安倍晴明が活躍した平安時代中期は、天皇、皇族、貴族の間で方位や星巡りの吉凶が行動の基準となっていたため、陰陽師は朝廷中枢の精神世界を支配していたともいえます。
安倍晴明の数々の伝説について
安倍晴明は暦学・天文学・易学における秀でた才能に加え陰陽師という呪術者としての神秘的な側面と、当時としては驚異的な長寿であったことから多くの伝説が残っています。ここでは安倍晴明の不思議な伝説をいくつかご紹介します。
晴明の出生にまつわる伝説
安倍晴明の出生については明らかなことはわかっていません。しかし、母親が葛の葉と呼ばれる稲荷大明神の第一使徒である狐だったという以下のような伝説が残っています。
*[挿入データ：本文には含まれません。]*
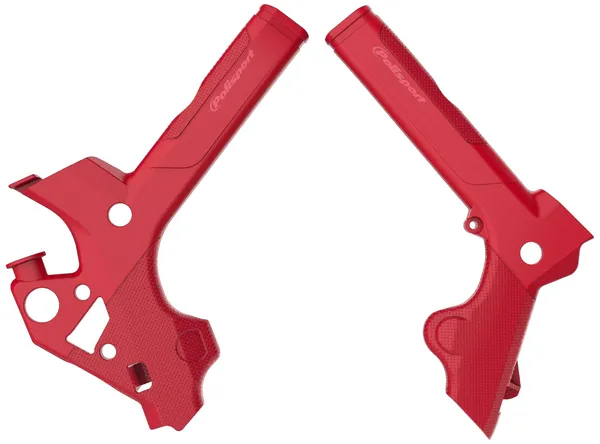 Frame Protectors Red, 1, nordicamoto.ro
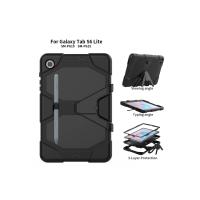 Newface Samsung Galaxy T500 Tab A7 10.4 Kılıf Griffin Tablet Kapak - Siyah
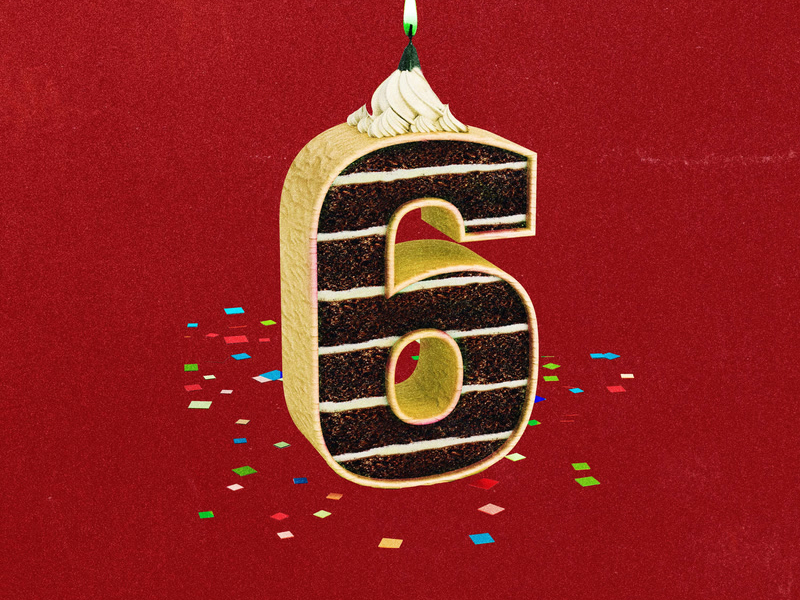 BIRTHDAY MIX 6 (Single)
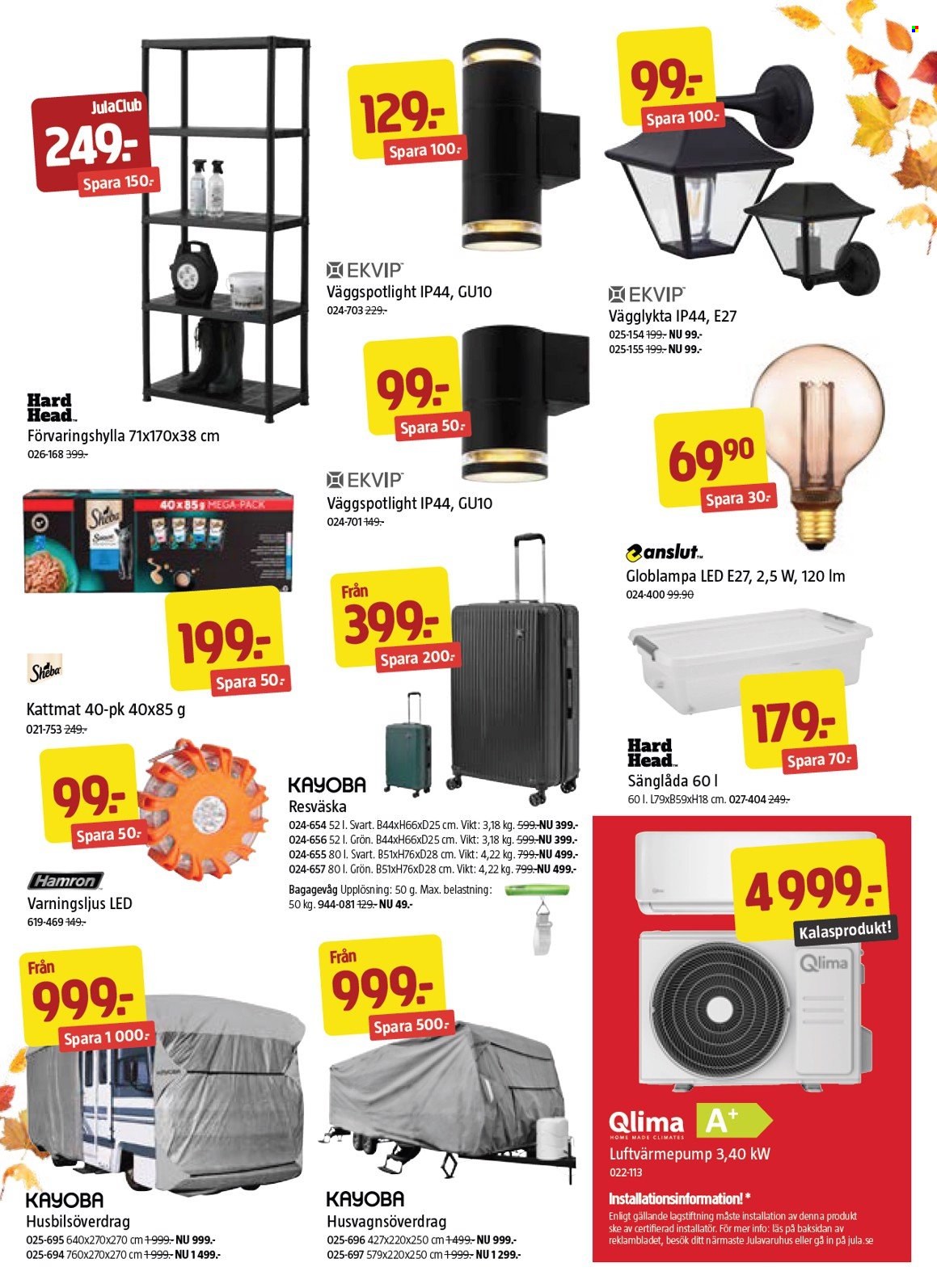 Jula reklamblad - 4/10 2024 - 17/10 2024. Sida 3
河内の国の猟師が妻の病気を治すため、野狐の生き胆を手に入れようと和泉国の信太の森に向かいました。そこで一匹の白狐を見つけ、捕らえて生き胆をとろうと追いかけました。偶然通りがかった安倍保名が白狐を助けましたが、その際にけがをしてしまいます。そこへ葛の葉という美しい若い女性が現れ、保名を介抱して家まで送り届けてくれました。介抱しているうちに惹かれあった二人は結婚し、童子丸という子供をもうけました。
この童子丸が後の安倍晴明です。葛の葉は童子丸が5才の時にその正体がばれてしまい、保名と童子丸のもとを去ります。その後、葛の葉に会いに信太の森を訪れた童子丸は葛の葉から稲荷大明神から授かったとされる水晶の玉と黄金の箱を渡されました。成人し陰陽師となった安倍晴明は、この時の水晶の玉と黄金の箱を使い天皇の病を平癒したとされています。
蘆屋道満との術合戦
蘆屋道満は播磨国に実在したとされる民間陰陽師です。さまざまな小説や映画などで安倍晴明のライバルとして登場します。蘆屋道満と安倍晴明とは幾度も呪術合戦を繰り広げたという伝説がありますが、最初の術合戦として有名なのは以下のお話です。
播磨から上京した蘆屋道満が安倍晴明に「負けた方が勝った相手の弟子になる」という条件で内裏での呪術合戦を挑みました。帝が両名に見えないように長持にミカンを15個入れ、中身を当てるようにお題を出しました。蘆屋道満はすぐに「ミカン15個」と答えましたが、安倍晴明は加持祈祷を始め「ネズミが15匹」と答えました。
長持のふたを開けてみると、中からネズミが15匹飛び出してきて内裏を走り回りました。これは、安倍晴明が加持祈祷によりミカンをネズミに変えてしまったからです。このため、蘆屋道満は約束通り安倍晴明の弟子になりました。
道長への呪い
安倍晴明は平安時代中期に権勢を誇った藤原道長の厚い信頼を受けていました。呪詛が日常に当たり前のようにあった時代では、安倍晴明のように強力な陰陽師を味方にするということが必須だったのでしょう。藤原道長と安倍晴明のエピソードで有名なのは以下のお話です。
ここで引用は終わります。